→ **SOURCE DATA**
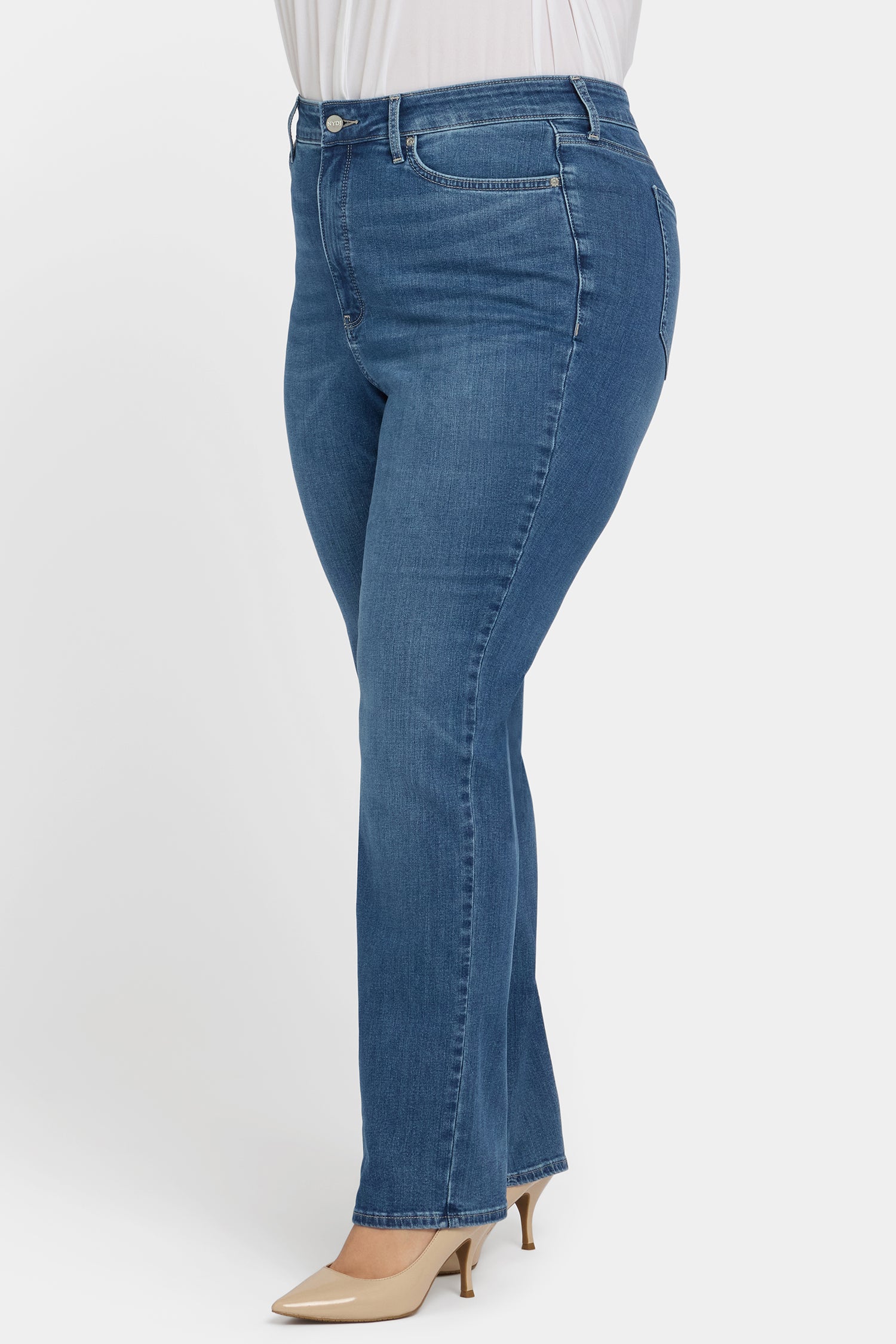 NYDJ Marilyn Straight Jeans In Plus Size With High Rise And 31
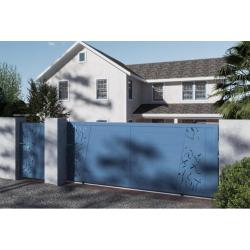 Portail coulissant Djemila avec des lames de 280 mm horizontales, RAL 5014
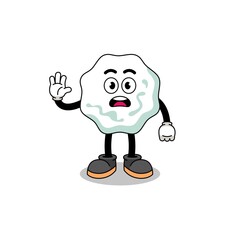 Naklejka premium chewing gum cartoon illustration doing stop hand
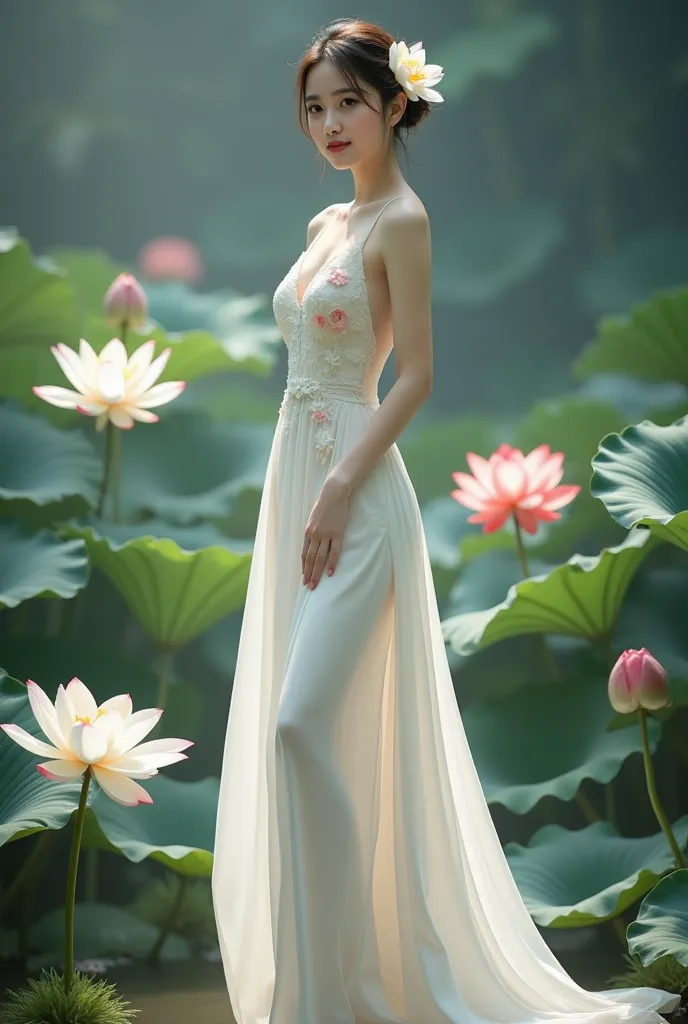 a woman in an elegant, flowing white gown adorned with floral designs. She is standing in a serene environment surrounded by large lotus flowers in various colors, including white and red, along with broad green leaves. The setting resembles a tranquil gar...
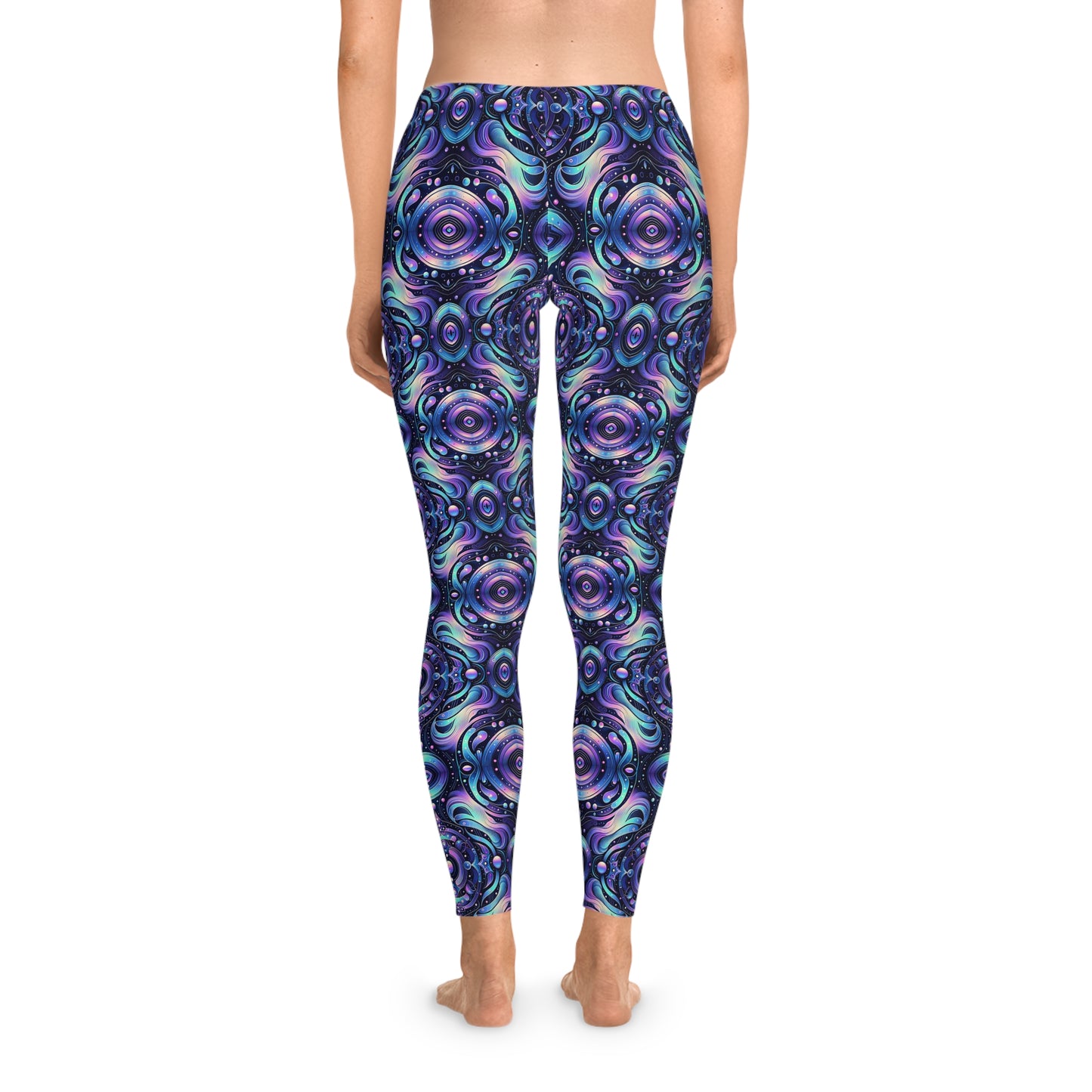Iridescent Tech Fusion Tech-Forward Streetwear Stretch Leggings - 8404 Design-62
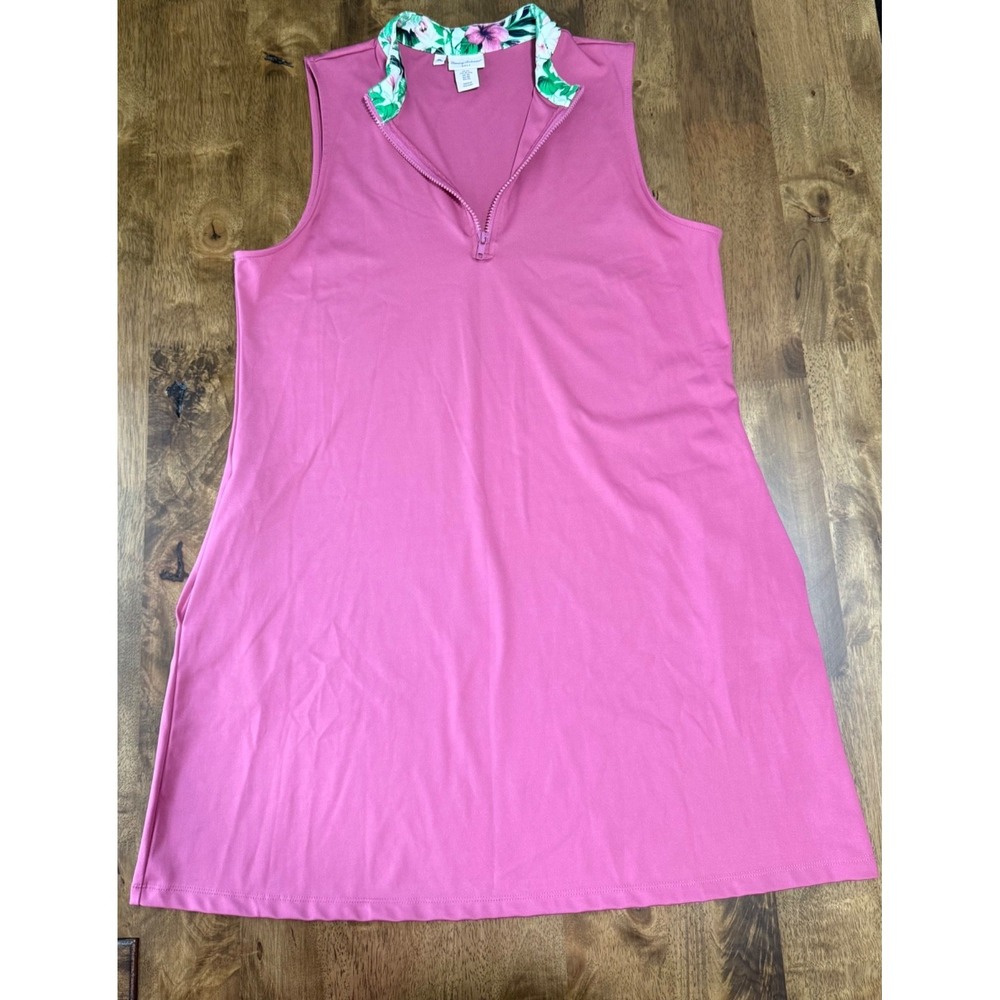 EUC Womens Tommy Bahama golf tennis dress pink collar zip size XL stretch pocket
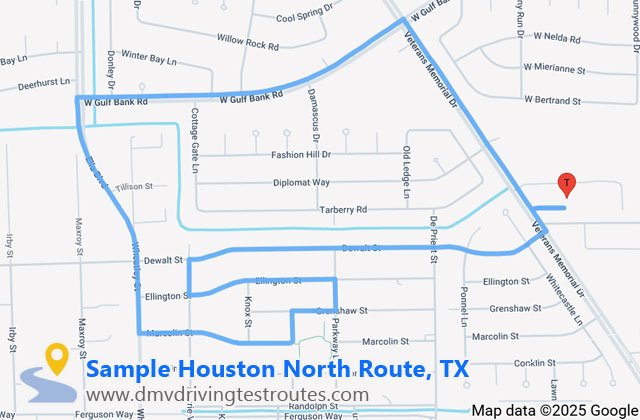 Houston North Mega Centre DPS dmv driving test routes map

→ **EXERCISE**
Starting at the line that holds "Naklejka premium chewing", reproduce each line through the last one of the listing, and nothing more; the pictures stay out.

→ **SOLUTION FOR THIS PROBLEM**
 Naklejka premium chewing gum cartoon illustration doing stop hand
 a woman in an elegant, flowing white gown adorned with floral designs. She is standing in a serene environment surrounded by large lotus flowers in various colors, including white and red, along with broad green leaves. The setting resembles a tranquil gar...
Iridescent Tech Fusion Tech-Forward Streetwear Stretch Leggings - 8404 Design-62
 EUC Womens Tommy Bahama golf tennis dress pink collar zip size XL stretch pocket
 Houston North Mega Centre DPS dmv driving test routes map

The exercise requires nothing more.